Livia Llewellyn has quickly established herself as one of the most prominent female voices of the current New Weird/nouvelle strange renaissance of dark and weird fiction. Much of that is on the strength of the stories contained in her first collection: Engines of Desire: Tales of Love and Other Horrors, from Lethe Press. “I also write about gender and sexual fluidity and inter-species relationships, mostly in stories and novels that haven’t been queried or published yet,” she writes, so presumably there’s quite a few more coming [no pun unintended] where these came from. I can’t wait.

The stories in this collection run a gamut from the warped science fiction of “The Four Hundred Thousand” (think Starship Troopers reimagined by David Cronenberg) to the Lovecraftian steampunk of “Take Your Daughter to Work” and “Her Deepness.” By no means all are especially transgressive – in fact, “At the Edge of Ellensburg” can work as a tale of obsessive desire, with just a slightly magic realist tinge – but as a trigger warning, if you wish to avoid incest and molestation, don’t read “Omphalos,” although you’ll also miss some very intense writing in the process.

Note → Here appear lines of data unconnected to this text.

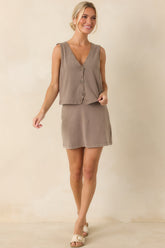 Z Supply Noelle Perfectly Taupe Cotton Jersey Tank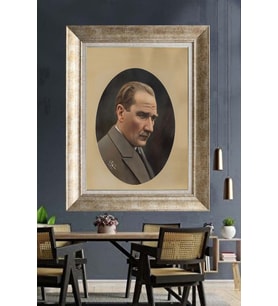 Gümüş Çerçeveli Atatürk Tablo za296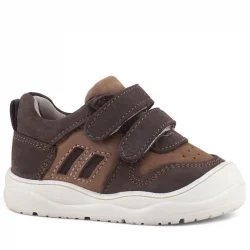 Rakerplus Schaggy Hakiki Deri Kahve Bebek Spor Ayakkabı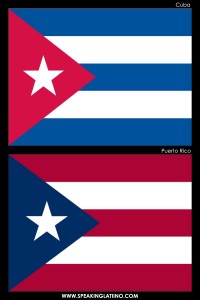 Hispanic Flags With Similar Flags from Around the World: Cuba and Puerto Rico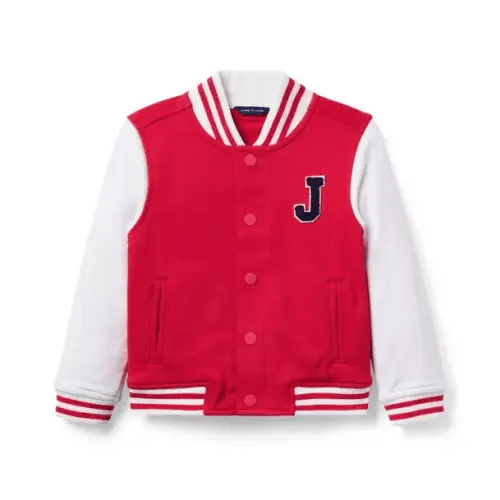 Boy Maraschino Red The Varsity Bomber Jacket by Janie and Jack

There is plenty of sex – good sex, bad sex, straight sex, gay sex, warped-out-of-all-recognition sex – but the stories are not necessarily twisted and dark enough blow open the walls of a typical online erotica forum. What they are, though, is vastly deeper and more artistically accomplished than your standard tossed-off erotica, touching on areas of sex and desire that would make many writers cringe and shrink. The tropes in “Teslated Salihan Evergreen” or “The Engine of Desire” are guaranteed to trouble your fancy for quite some time after reading.

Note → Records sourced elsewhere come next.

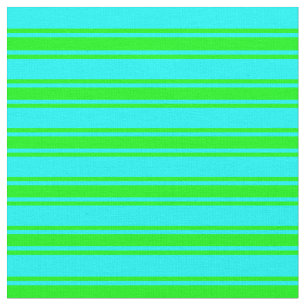 Tecido Padrão Aqua & Limão Striped/Links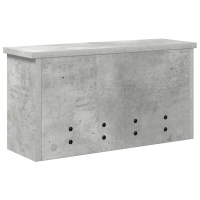 Produktbild för Väggmonterad Klädhängare med hylla Betonggrå 50 x 16 x 26 cm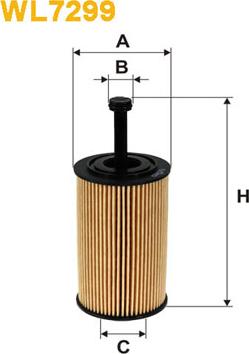 WIX Filters WL7299 - Eļļas filtrs ps1.lv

It’s typical of Llewellyn’s muse that she can describe Ursula K. Le Guin’s The Tombs of Atuan as “a very sexual and chthonic tale of death and rebirth, told in prose that flows like cold black water.” That says a lot about her own work. As fellow Alaskan Laird Barron explains in his rather Ballardian introduction to Engines of Desire, “Love, Sex, and the Heat Death of the Universe,” these stories “grapple with the tragicomedies of human existence, its ephemeral nature, built so perilously on the cosmic tide line. Death and sex, love and mutually assured destruction, these are the songs.” That may not be much to get your rocks off over, but it sure is one handle on some of the darkest and most fundamental aspects of the human condition. And it adds another welcome female voice to the intersection between imaginative writing and transgressive erotica previously overshadowed by J.G. Ballard and William Burroughs. Suck it and see – or bite it, lick it, chew it, rub against it, insert it, whatever takes your fancy. Some twisted layer of you will enjoy it.